Kamis, 09 Juni 2011

Dampak Perjanjian Ekstradisi Indonesia Singapura


Dengan seringnya para koruptor Indonesia kabur (mengumpat) di negara tentanga (Singapura), semisal : Eko Edi putranto, Toni suherman, Lesman basuki, Bambang Sutrisno, Gayus, Nazaruddi dll, membuktikan lemahnya pemerintah Indonesia terhadap tindakan diplomasi dengan Singapura. ironisnya sebenarnya antara Indonesia-Singapura sudah memiliki perjanjian Ekstradisi, sejak 27 april 2007, namun kenapa hingga sampai detik ini negara singa laut itu masih menjadi tempat favorit para koruptor Indonesia untuk MENGUMPAT........!!!!!!


Pendahuluan

Belakangan ini sering kita dengar istilah ekstradisi. Tidak lain dan tak bukan kata tersebut mengacu pada perjanjian ekstradisi yang dibuat oleh Pemerintah Indonesia dan Singapura. Dalam sejarahnya, perjanjian ini sudah dirintis sejak tahun 1972. Pemerintah Indonesia sangat memerlukan realisasi dari perjanjian ini. Sebab disinyalir banyak koruptor dari Indonesia yang bermukim dengan tentram dan sejahtera di negeri Singa itu. Tapi mengapa penandatanganan perjanjian ini baru terwujud pada tanggal 27 April 2007 lalu? Hal ini dikarenakan hubungan bilateral antara Indonesia dan Singapura yang pasang surut. Pernah pada tahun 2003, Indonesia melarang ekspor pasir ke Singapura.

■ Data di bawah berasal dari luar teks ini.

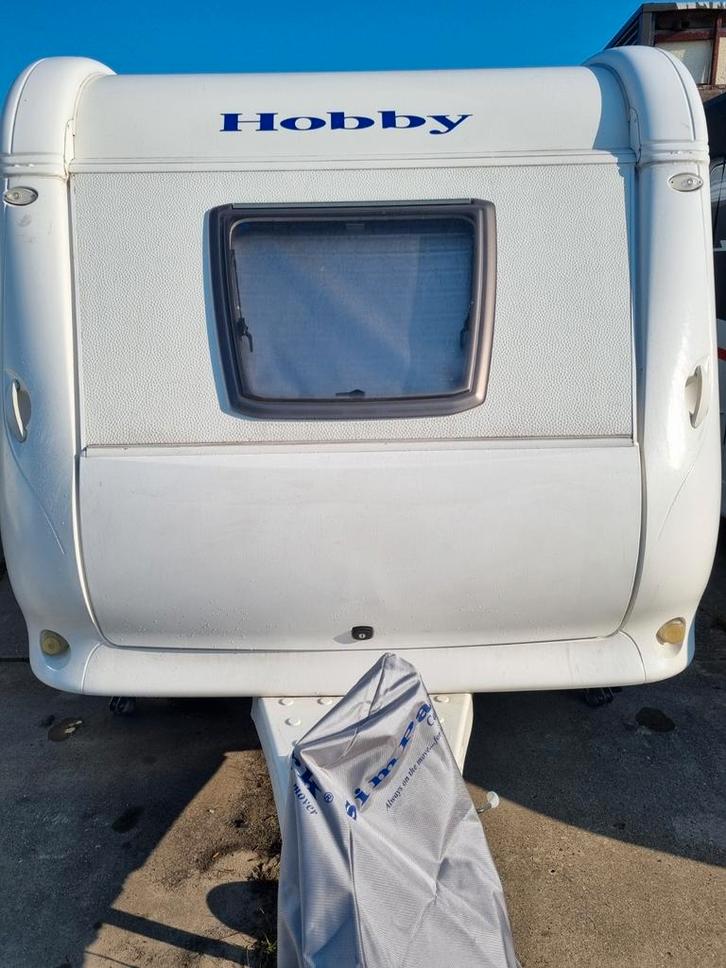 Hobby 540 UFF Excellent 2009( mover voortent) nette caravan, Caravans en Kamperen, Caravans, Particulier, tot en met 4, 1000 - 1250 kg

Pada saat itu hubungan mulai mendingin. Tapi dalam pemerintahan Presiden Susilo Bambang Yudhoyono hubungan itu mulai normal kembali. Perjanjian ekstradisi bisa ditandatangani walaupun dengan kompensasi yang tidak kecil. Selain perjanjian ekstradisi, kedua negara juga menandatangani Perjanjian Kerjasama Pertahanan yang dinamakan Defence Cooperation Agreement (DCA) yang kemudian menjadi pro kontra publik di Indonesia.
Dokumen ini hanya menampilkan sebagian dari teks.